- [Task instructions]
Across the entries below, how many lines have the string "Foto" in them? Reply with only the number.

── Data supplied ──

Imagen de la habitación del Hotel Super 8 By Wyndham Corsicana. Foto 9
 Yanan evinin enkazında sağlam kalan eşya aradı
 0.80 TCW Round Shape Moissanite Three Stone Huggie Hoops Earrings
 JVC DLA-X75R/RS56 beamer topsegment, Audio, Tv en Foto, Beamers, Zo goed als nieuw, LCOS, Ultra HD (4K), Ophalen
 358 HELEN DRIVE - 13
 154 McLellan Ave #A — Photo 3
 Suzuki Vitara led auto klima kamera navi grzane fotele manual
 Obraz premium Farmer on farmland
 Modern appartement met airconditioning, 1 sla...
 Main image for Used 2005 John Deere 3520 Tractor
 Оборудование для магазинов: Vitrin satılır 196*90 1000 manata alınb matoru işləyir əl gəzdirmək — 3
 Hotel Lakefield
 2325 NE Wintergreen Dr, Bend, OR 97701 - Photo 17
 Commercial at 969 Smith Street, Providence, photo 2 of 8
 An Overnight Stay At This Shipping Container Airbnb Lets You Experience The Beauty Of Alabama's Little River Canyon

───

- [Your response]
2